Еще один сотрудник «Мемориала», Геннадий Кузовкин (руководитель «мемориальской» исследовательской программы «История диссидентского движения (1953—1991)»), представил подготовленный при его участии «Указатель лите­ратурных произведений, упомянутых в самиздатском журнале "Хроника текущих событий"»: по его словам, знаменитая «Хроника текущих событий» была «сам­издатом в кубе», поскольку не только издавалась вручную, но и аннотировала другие самиздатовские издания и опиралась на информацию из самиздатовских источников в своих публикациях. Проделанная работа — и, некогда, авторами «Хроники», и, ныне, составителями Указателя — впечатляет: 63 выпуска издания включали в себя 20 тысяч записей, только именной указатель состоит из 14 тысяч позиций. Эти материалы, безусловно, могут быть интересны не только историкам правозащитного движения, но и исследователям неподцензурной культуры, ли­тературы в частности.

Результаты работы секции «Неподцензурная и "легальная" литературы в Рос­сии ХХ века: формы взаимодействия» уже вышли в печатном виде[8]. И хотя ис­тория Московского гуманитарного педагогического института в его нынешнем виде закончилась (в соответствии с тенденциями нынешнего времени с 1 сен­тября 2012 года он входит в состав крупного Московского городского педагоги­ческого университета), сохранилось ядро команды, которая организовывала дан­ную секцию и в 2010—2011 годах собиралась на заседания научного семинара, посвященного изучению неподцензурной литературы ХХ века, сохранились и даже приумножились научные связи, а значит, следует ожидать новых мероприя­тий по этой тематике.

Михаил Павловец

 



[1] О секции, состоявшейся в прошлом, 2011 году, нам уже до­водилось писать: Павловец М. Литературный андеграунд в научном освещении.
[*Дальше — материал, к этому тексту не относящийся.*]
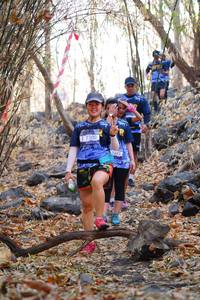 BIB: 7300
                            <button type="button" onclick="openModal(7189025)" class="btn btn-primary btn-sm float-right btn-popup" data-toggle="modal" data-target=".modal-high-quality">
                        <i class="fas fa-shopping-cart"></i> Add to Cart
                    </button>
                                            <button type="button" onclick="isThisMe(7189025, true)" class="btn btn-success btn-sm float-right btn-popup btn-isme hidden" data-toggle="tooltip" data-placement="bottom" title="นี่คือรูปของคุณใช่ไหม คลิกที่นี่เพื่อเอาเข้าอัลบั้ม">
                        <i class="fas fa-plus"></i> Add to album
                    </button>
                    <button type="button" onclick="isThisMe(7189025, false)" class="btn btn-warning btn-sm float-right btn-popup btn-isnotme hidden">
                        <i class="fas fa-ban"></i> Remove from album
                    </button>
Конференция «Филологические традиции в отечественном литературном и лингвистиче­ском образовании», секция «Неподцензурная литература ХХ века (1930—1980 гг.): проблемы бытования, поэтика и рецепция» (МГПИ, 12—13 марта 2011 года) // НЛО. 2011. № 111. С. 437—442.

[2] См.: Кукулин И.В. Маятник одиночества: предварительные замечания о конструировании понятия «русская непод­цензурная поэзия» // Филологические традиции в совре­менном литературном и лингвистическом образовании: Сб. науч. статей. М.: МГПИ, 2010. Т. 1. № 9. C. 242—252; Он же. Александр Галич и эволюция русской неподцензур­ной поэзии 1960—2000-х годов (К постановке пробле­мы) // Филологические традиции в современном литера­турном и лингвистическом образовании: Сб. науч. статей. М.: МГПИ, 2011. Т. 2. № 10. C. 52—61.
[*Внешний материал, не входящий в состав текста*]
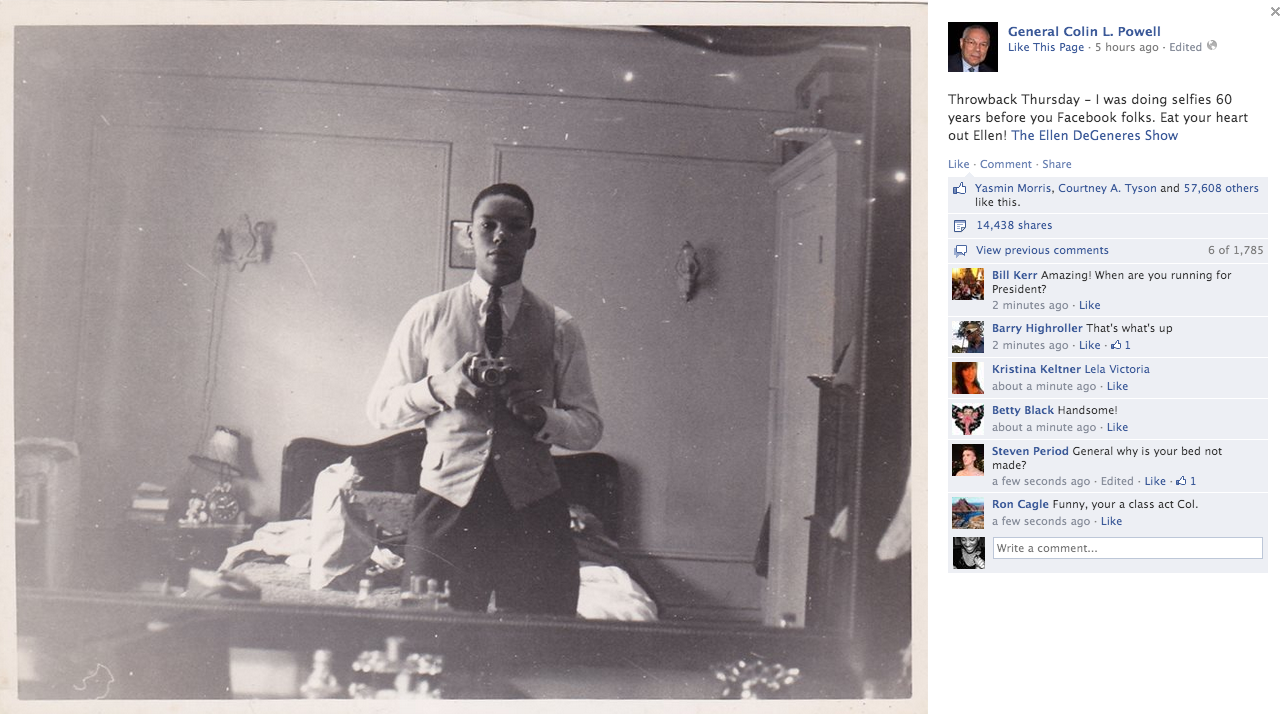 Screen Shot 2014-03-13 at 3.15.29 PM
[3] Об одном из таких авторов, Юрии Смирнове, Данила Да­выдов писал в «НЛО» в отклике на вышедший сборник произведений поэта (см.: Давыдов Д. Пограничный случай. [Рец. на кн.: Смирнов Ю. Слова на бумаге: Стихотворения, записи, наброски / Ред.-сост. Г. Лукомников. М.: Культур­ный слой, 2004] // НЛО. 2006. № 79. С. 267—272).
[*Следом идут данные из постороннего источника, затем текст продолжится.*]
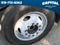 2026 Ford F-450SD 11FT SERVICE BODY Commercial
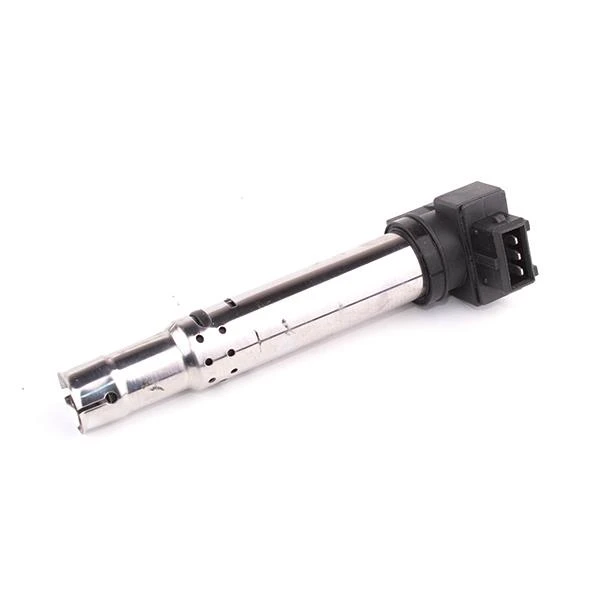 Катушка зажигания 0.8 (marelli) Чери КуКу S11-3705110EA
[4] Филологические традиции в современном литературном и лингвистическом образовании: Сб. науч. ст. Вып. 11. В 2 т. М.: МГПИ, 2012. Т. 1. С. 107.

[5] Составленная Татьяной Нешумовой книга избранного В.Г. Малахиевой-Мирович готовится к выходу в издатель­стве «Водолей Publishers».

[6] Его поэтическое наследие не так давно было представлено в книге: Зальцман П. Сигналы Страшного суда: Поэтичес­кие произведения / Сост. И. Кукуй. М.: Водолей, 2011.

[7] Свое видение истории группы Владимир Кузнецов изло­жил в брошюре: Кузнецов В.П. История одной компании / Литературная запись, документальное приложение, анно­тированный именной указатель Д. Хопак [Д.И. Зубарев]. М.: Изд. автора, 1995.

[8] См. сноску к изложению доклада Галины Доброзраковой.